DiBiagio gets his wish, but maybe not the full satisfaction he might have anticipated. He has only himself to blame. Nathan Chapman does not get his wish - exoneration - and should have only himself to blame.

In the first high-profile case since DiBiagio's own recent troubles, Chapman is declared guilty of defrauding the state employee pension system, guilty of stealing from his own publicly traded company, guilty of tax fraud.

But this jury, ordered not to read newspapers or watch TV news, never knew about any internal memos. They never heard the public misgivings about DiBiagio's own integrity. And Chapman's lawyers were not allowed to tell them about it.

Last month, DiBiagio was caught being indiscreet. Memos were made public that he had sent to his assistants, urging them to produce "front page" cases, "public corruption" cases, cases in which indictments might be handed up by election week. DiBiagio denied he was putting his career before careful administration of justice, denied he was trying to manufacture cases, and denied he might be implicitly pronouncing any high-profile figures guilty until proven innocent.

But it was hard to hear his denials with his foot embedded back to his tonsils, and harder to hear him with Democrats shrieking about political witch hunts and calling for his resignation, and even harder to hear him with his own Justice Department higher-ups wondering why he might be obsessing over political corruption cases at a time their biggest priority was fighting terrorism.

Well, today DiBiagio gets his front-page story, and satisfaction descends upon the U.S. attorney's office. Nathan Chapman's case is precisely the type DiBiagio was seeking. After seven weeks of testimony and six days of jury deliberation, Chapman, 46, had his head handed to him.

Twenty-three times, the jury foreman pronounced guilty. As the slow recitation of verdicts droned on, Chapman did not move a muscle. The reading took several minutes. Chapman stared straight ahead. He seemed to be having an out-of-body experience. But not far enough to escape his worst fears.

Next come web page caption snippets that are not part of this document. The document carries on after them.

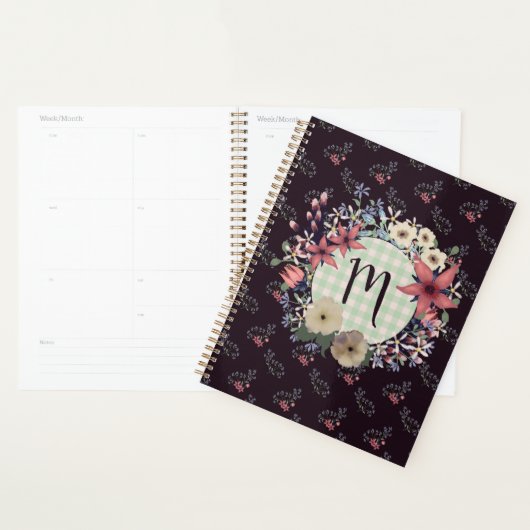 Monogramme vintage de couronne de fleurs (Devant avec enveloppe)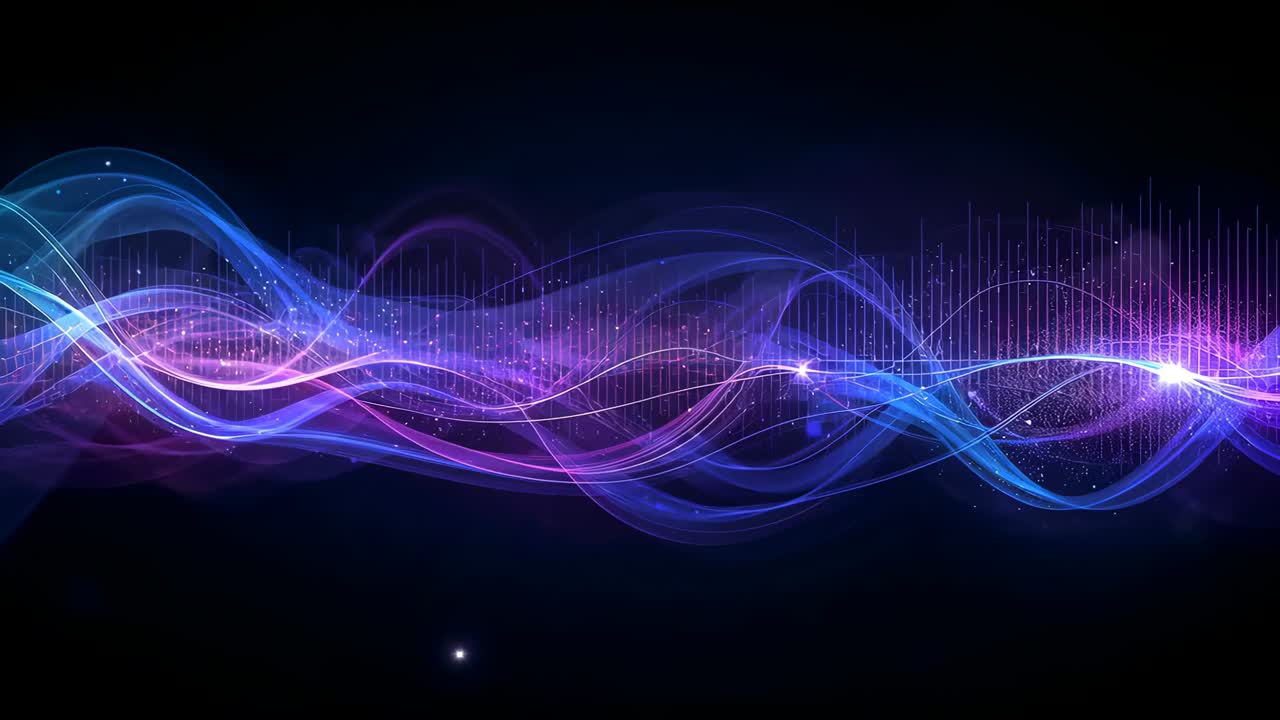 Shifting hues sparking ribbons forming vortex pulsing rings on dark canvas with EQ bars and dot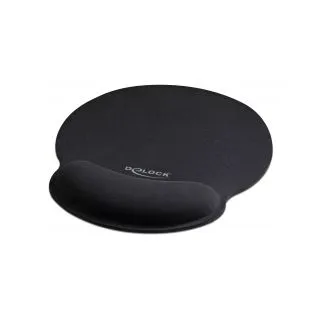 Delock Mauspad mit Handballenauflage rund schwarz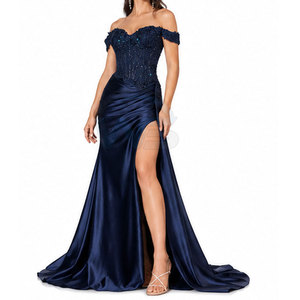 Robe de soirée longue pour femme, épaules dénudées, design personnalisé, couleur et taille sur mesure, vente en gros, sans manches - Product Image 5
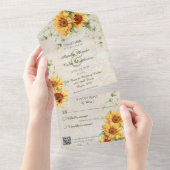 水彩ひまわりの花とつる植物とQRコード オールインワン招待状 (貼ってはがせる)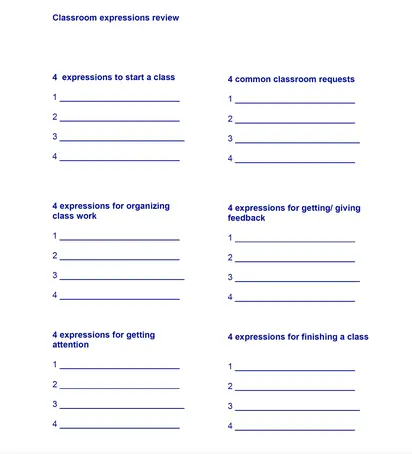 9 classroom language vocabulary and expressions exercises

These were complex charges, and these jurors seemed to take their work very seriously. They did not go lightly to their verdicts. And surely no one would question their sober examination of this case.

Minutes after yesterday's verdicts, as he positioned himself behind a full-length lectern dragged out to Pratt Street by a couple of his assistants, DiBiagio said Chapman "did it because he could, because he didn't think anybody could stop him." He called the crimes "a violation of trust."

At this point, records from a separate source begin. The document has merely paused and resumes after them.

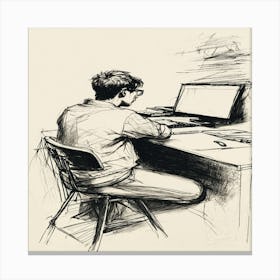 Man Working On A Laptop Canvas Print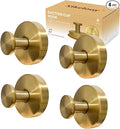4 Pcs Suction Cup Hooks for Shower，Removable Hooks，Towel Hook，Suction Hook for Bathroom, Bedroom, Glass Window (Gold)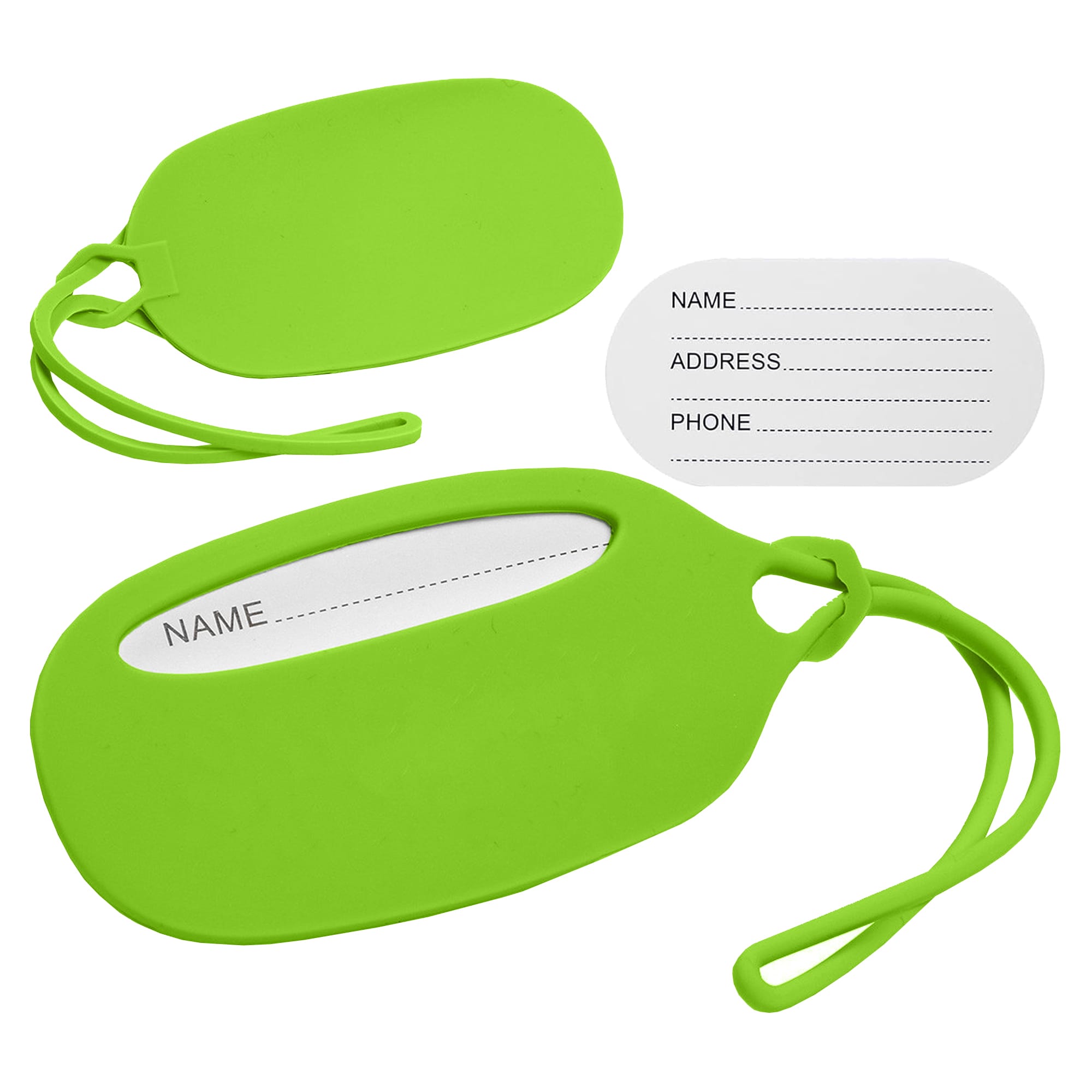 A vibrant green silicone luggage tag with a slot for personal information and a matching strap.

Then, having rapidly dispensed with the verdicts - and perhaps anticipating questions - DiBiagio went directly to his own troubles. He said his office operated on "a single principle - justice without fear or favor." He said it sought out "abuses of trust - regardless of prestige or power." He said it was driven "not by political agenda or personal ambition."

This was nice to hear. Under ordinary circumstances, it would also be considered a given, unnecessary for any government prosecutor to declare. But DiBiagio has a problem of perception that does not so easily go away.

As for Chapman, the verdicts raise an old question: When is lots and lots of money enough?

Among the guilty verdicts: that Chapman used about $5 million in state pension money to prop up his company - a company, according to defense attorney William "Billy" Martin, in which Chapman owned 60 percent of stock valued at nearly $50 million.

In his opening statement, Martin took pains to describe Chapman as a great success story, an African-American child of working parents who overcame long odds to win great wealth and power and political connections.

After yesterday's guilty verdicts, Chapman disappeared quickly from the courtroom. But DiBiagio's news conference, out on Pratt Street, was held in the very shadow of a statue - of the late U.S. Supreme Court Justice Thurgood Marshall, one of the country's great civil rights pioneers.

Marshall's face was turned away from the nearby proceedings. It was as if he were unwilling to witness the tragedy of Nathan Chapman. Or unhappy to linger over the troubling language of Thomas DiBiagio.